PROBLEM DETAILS —
What you should give back is a precise copy of the lines below from the one containing "Colored-pencil wall mural" through the one containing "Chocolate-covered white cheesecake", with no pictures.

DATASET RECORDS —
== Segment start ==

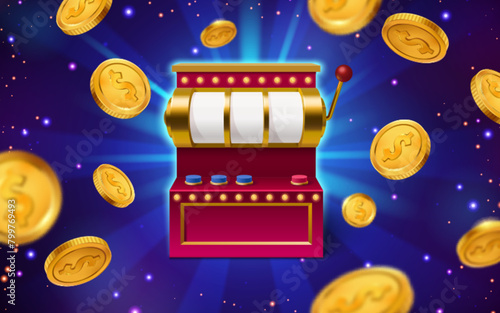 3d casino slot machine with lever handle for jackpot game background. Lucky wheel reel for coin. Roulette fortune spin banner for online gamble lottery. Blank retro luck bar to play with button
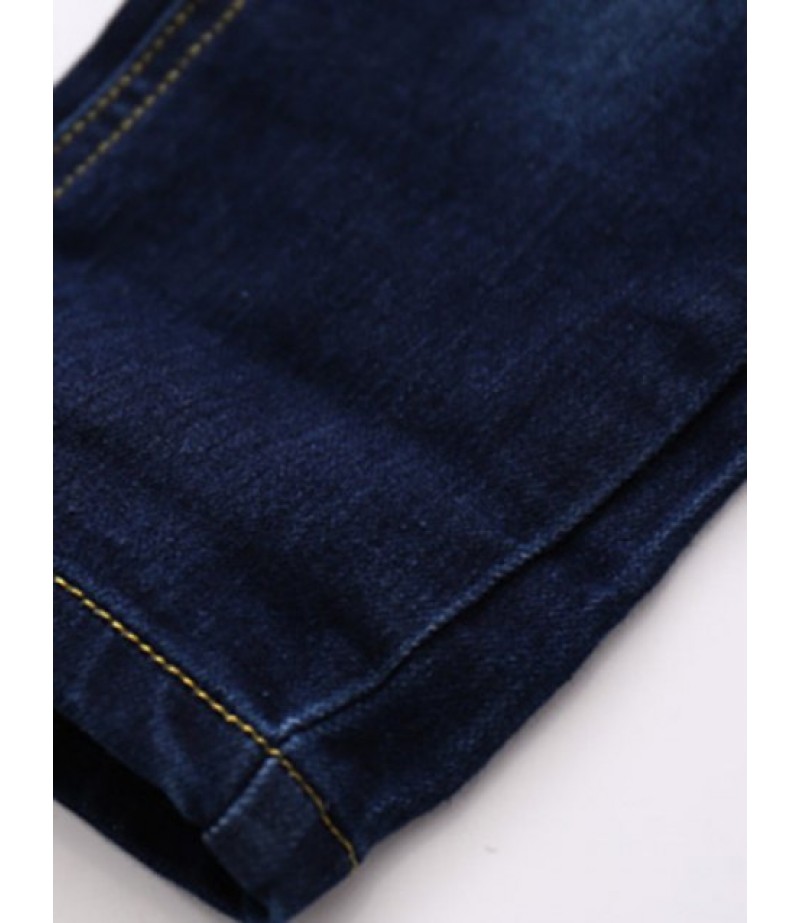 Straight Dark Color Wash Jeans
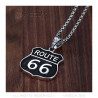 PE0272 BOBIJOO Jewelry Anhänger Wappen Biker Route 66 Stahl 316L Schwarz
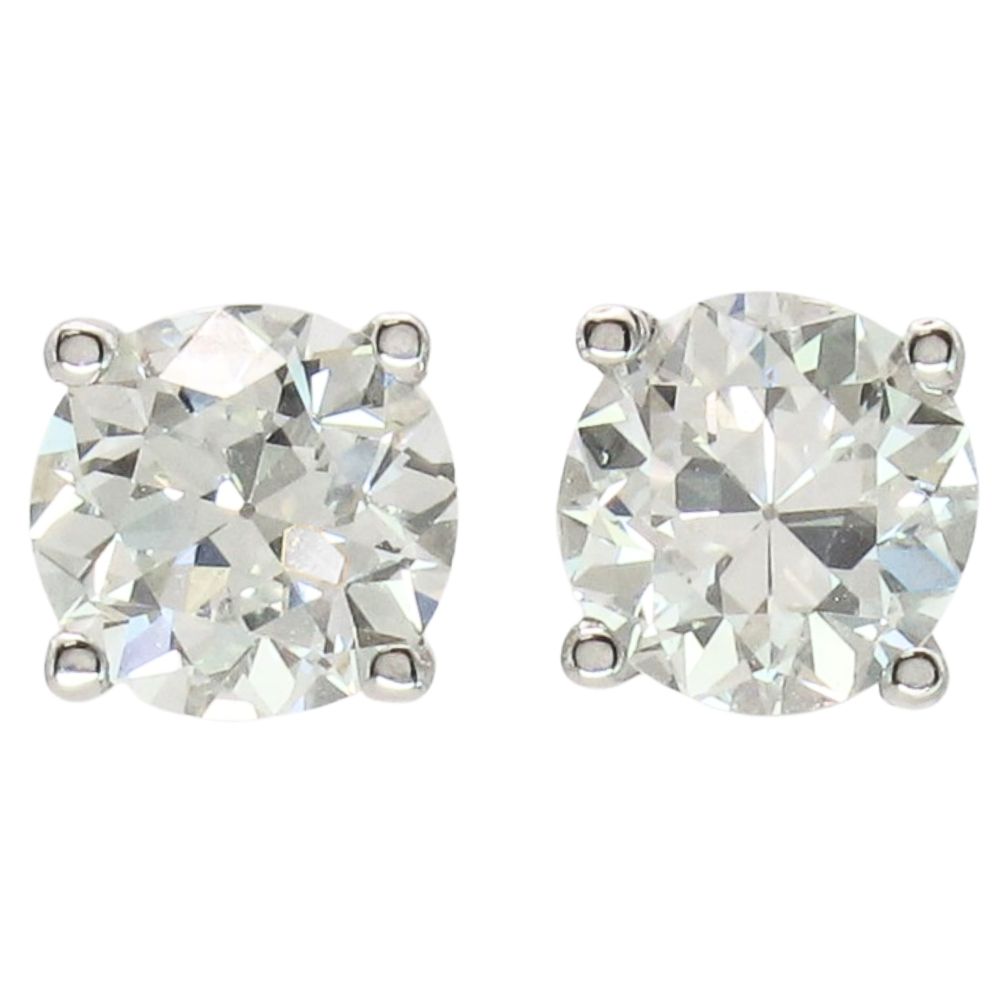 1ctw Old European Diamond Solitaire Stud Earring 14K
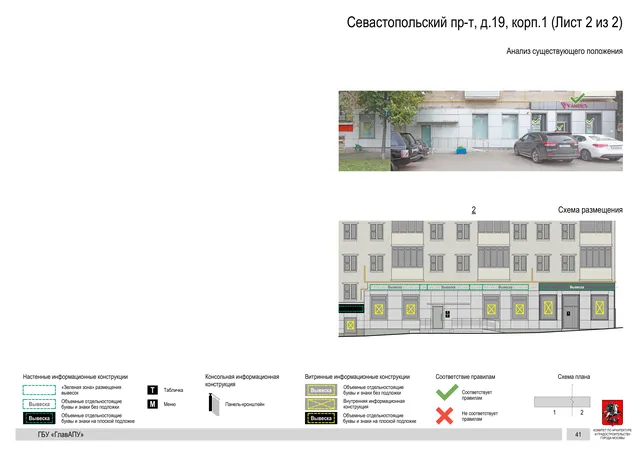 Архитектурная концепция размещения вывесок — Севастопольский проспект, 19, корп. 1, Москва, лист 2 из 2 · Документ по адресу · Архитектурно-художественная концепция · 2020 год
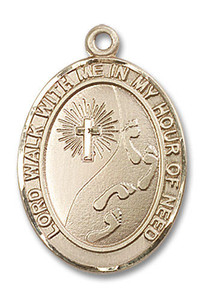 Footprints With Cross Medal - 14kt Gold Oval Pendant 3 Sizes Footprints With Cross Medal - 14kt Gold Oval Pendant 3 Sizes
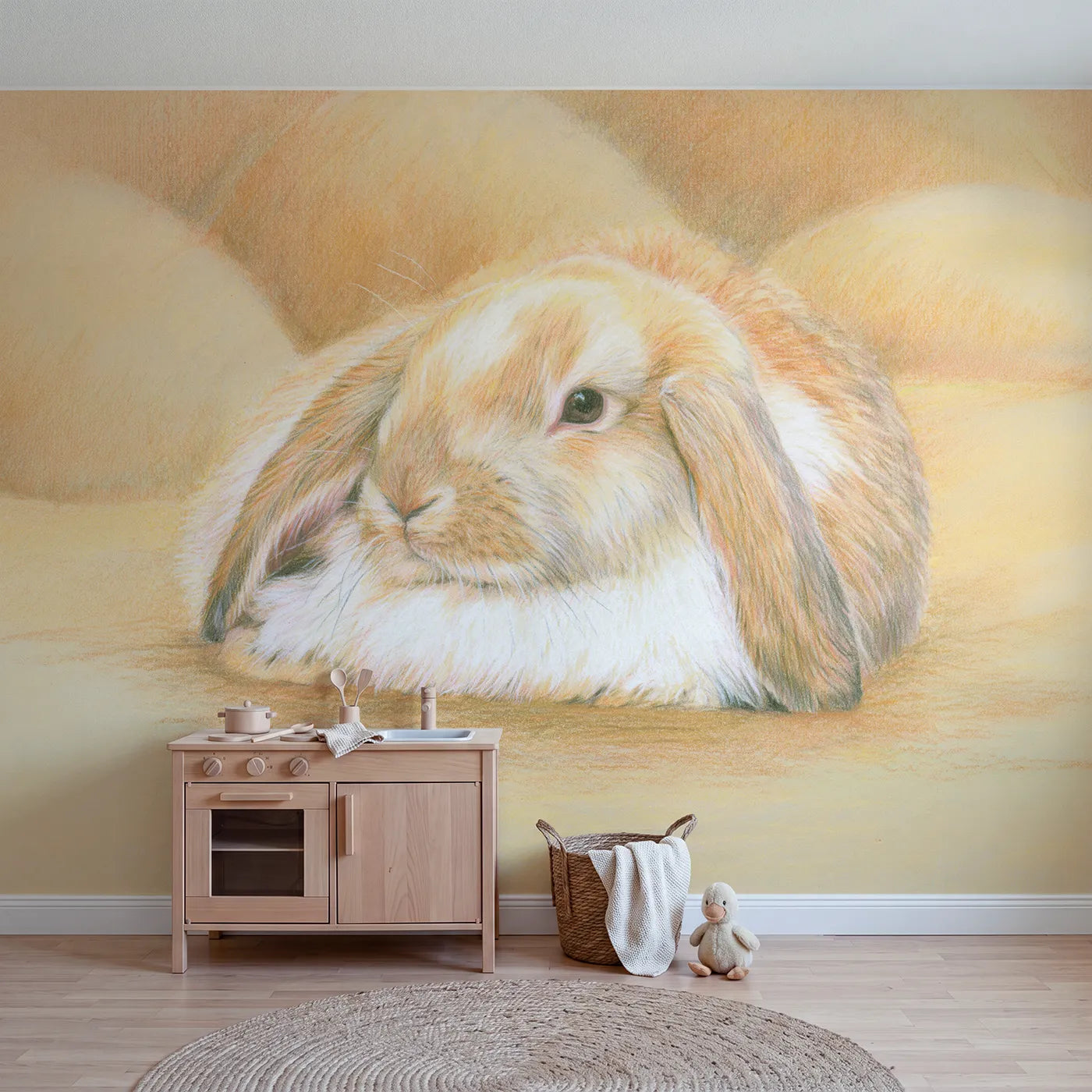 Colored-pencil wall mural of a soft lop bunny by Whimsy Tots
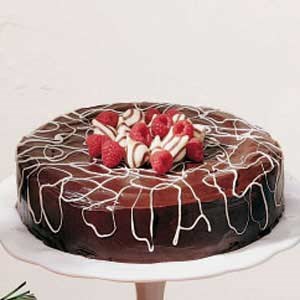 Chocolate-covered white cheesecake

== Segment end ==
== Segment start ==

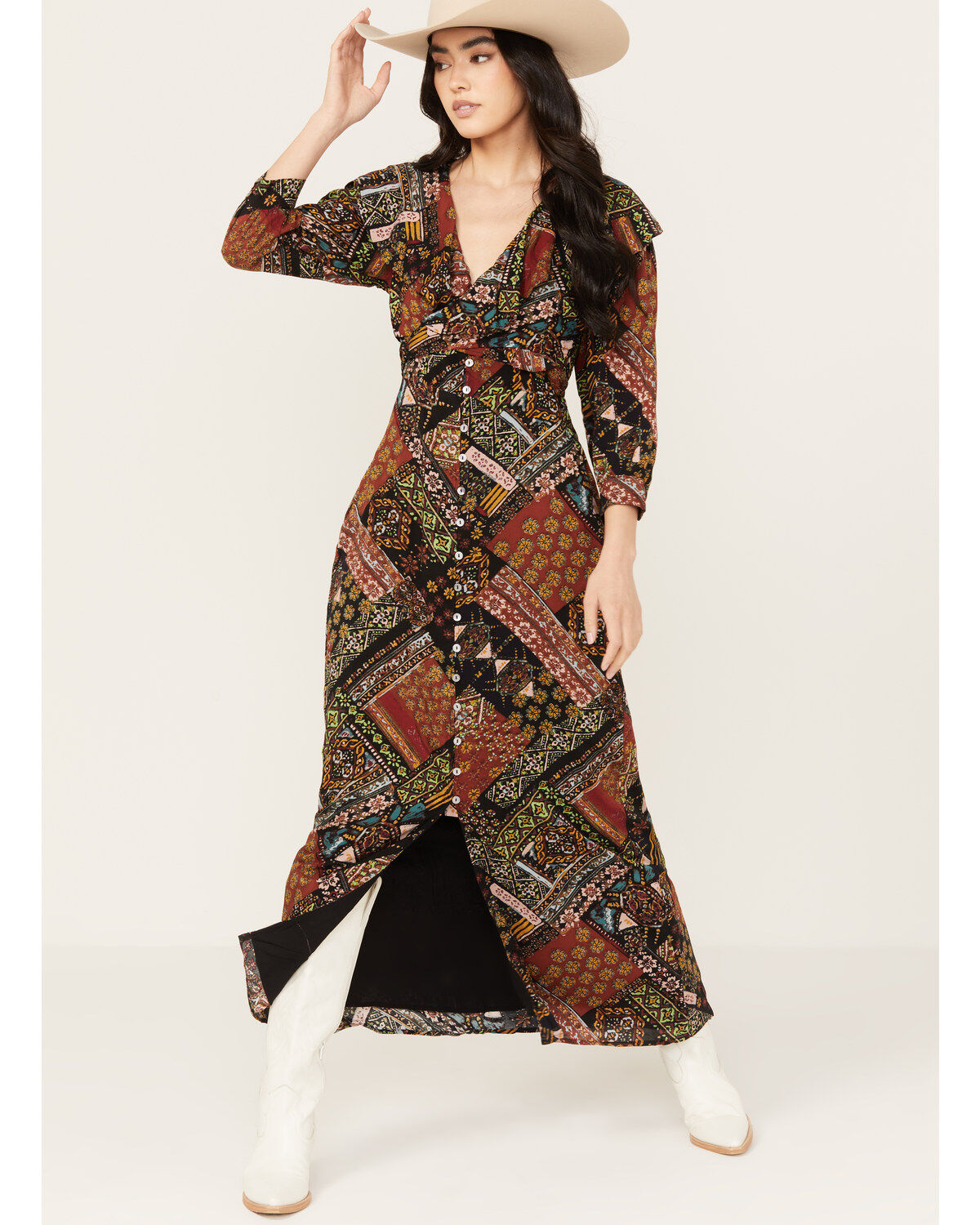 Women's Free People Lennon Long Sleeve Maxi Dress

== Segment end ==
== Segment start ==

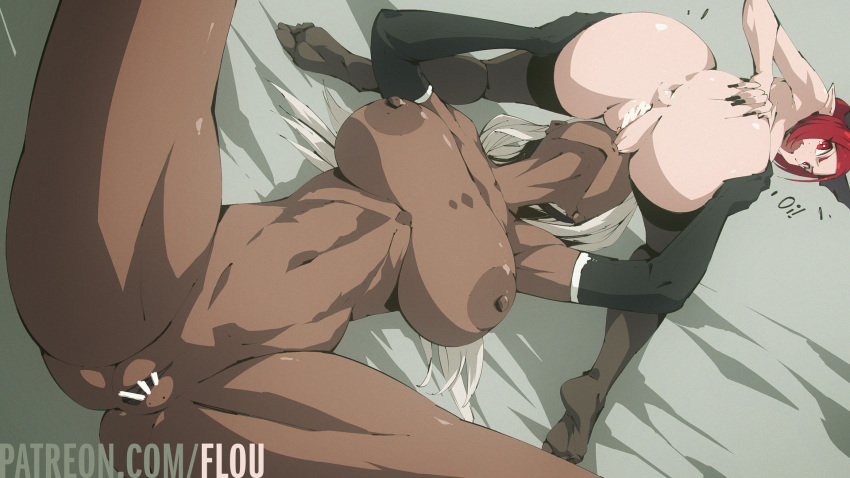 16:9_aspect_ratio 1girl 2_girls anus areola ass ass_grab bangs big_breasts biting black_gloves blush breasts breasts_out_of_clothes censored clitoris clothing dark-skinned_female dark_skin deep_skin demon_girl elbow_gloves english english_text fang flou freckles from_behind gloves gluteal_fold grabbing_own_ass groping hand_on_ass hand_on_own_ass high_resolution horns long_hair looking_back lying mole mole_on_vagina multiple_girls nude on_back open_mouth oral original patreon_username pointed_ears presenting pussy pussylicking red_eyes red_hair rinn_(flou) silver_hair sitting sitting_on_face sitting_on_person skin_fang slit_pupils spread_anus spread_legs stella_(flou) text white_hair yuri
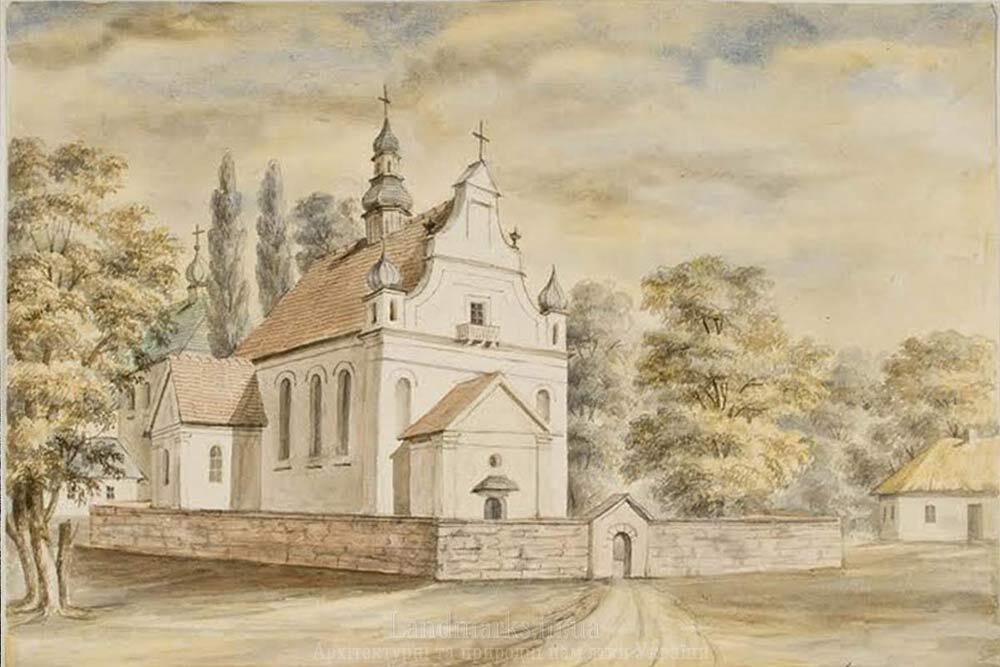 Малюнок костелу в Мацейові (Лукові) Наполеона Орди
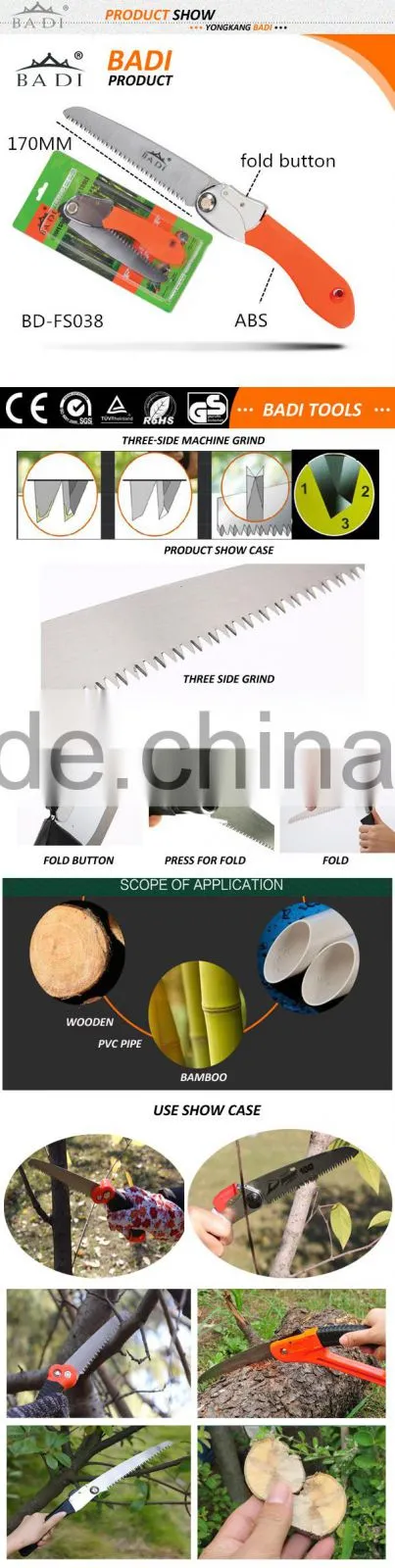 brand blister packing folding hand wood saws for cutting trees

== Segment end ==

TASK SOLUTION —
 Colored-pencil wall mural of a soft lop bunny by Whimsy Tots
 Chocolate-covered white cheesecake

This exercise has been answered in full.